> EXTRACTED MATERIAL
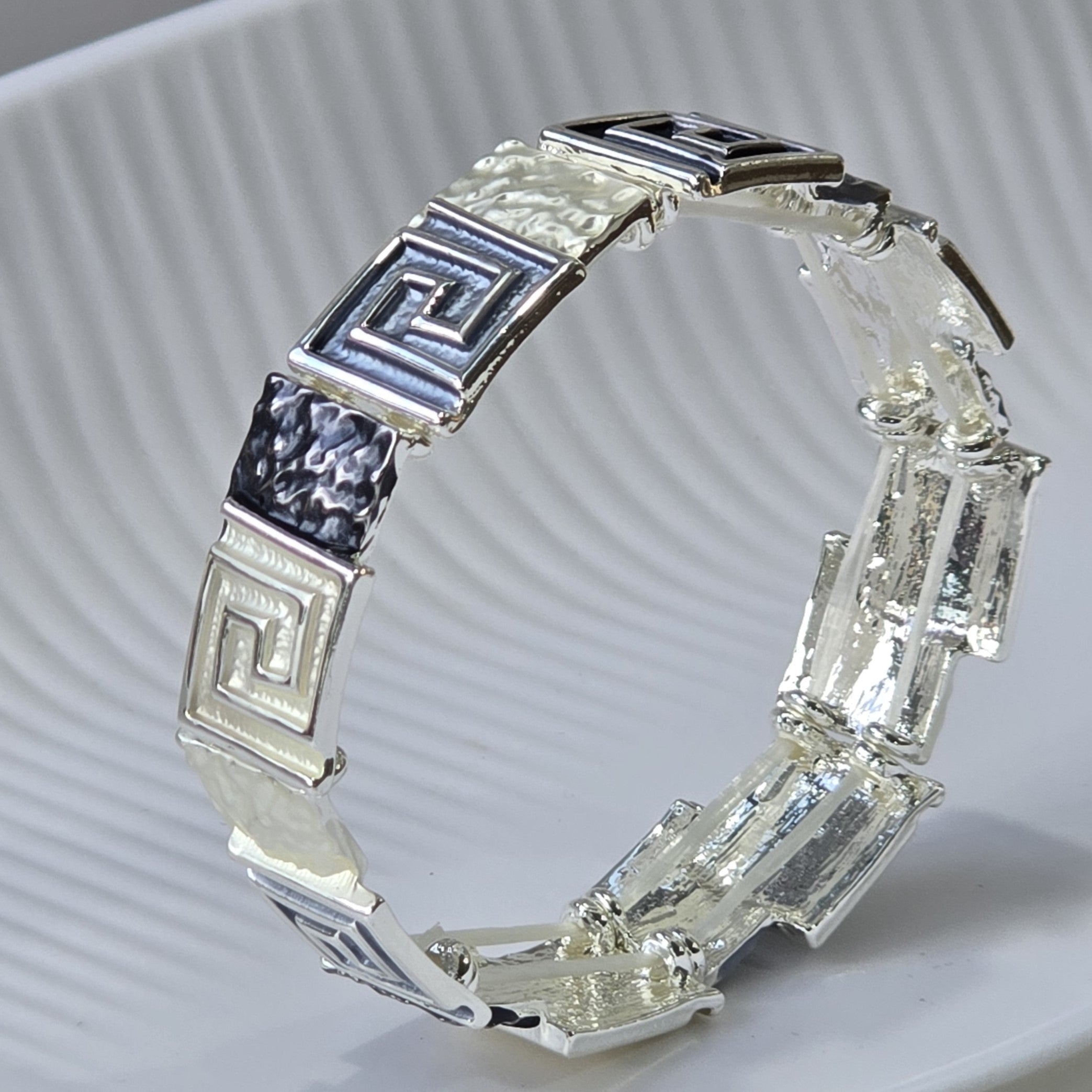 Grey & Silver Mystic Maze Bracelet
---
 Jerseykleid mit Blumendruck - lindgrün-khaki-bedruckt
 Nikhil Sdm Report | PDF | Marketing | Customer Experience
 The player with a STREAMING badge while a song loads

> EXERCISE DETAILS
Starting at the line that has "Jerseykleid mit Blumendruck" and ending at the line that has "The player with", please write out the lines above exactly, leaving out all others.

> TASK OUTPUT
 Jerseykleid mit Blumendruck - lindgrün-khaki-bedruckt
 Nikhil Sdm Report | PDF | Marketing | Customer Experience
 The player with a STREAMING badge while a song loads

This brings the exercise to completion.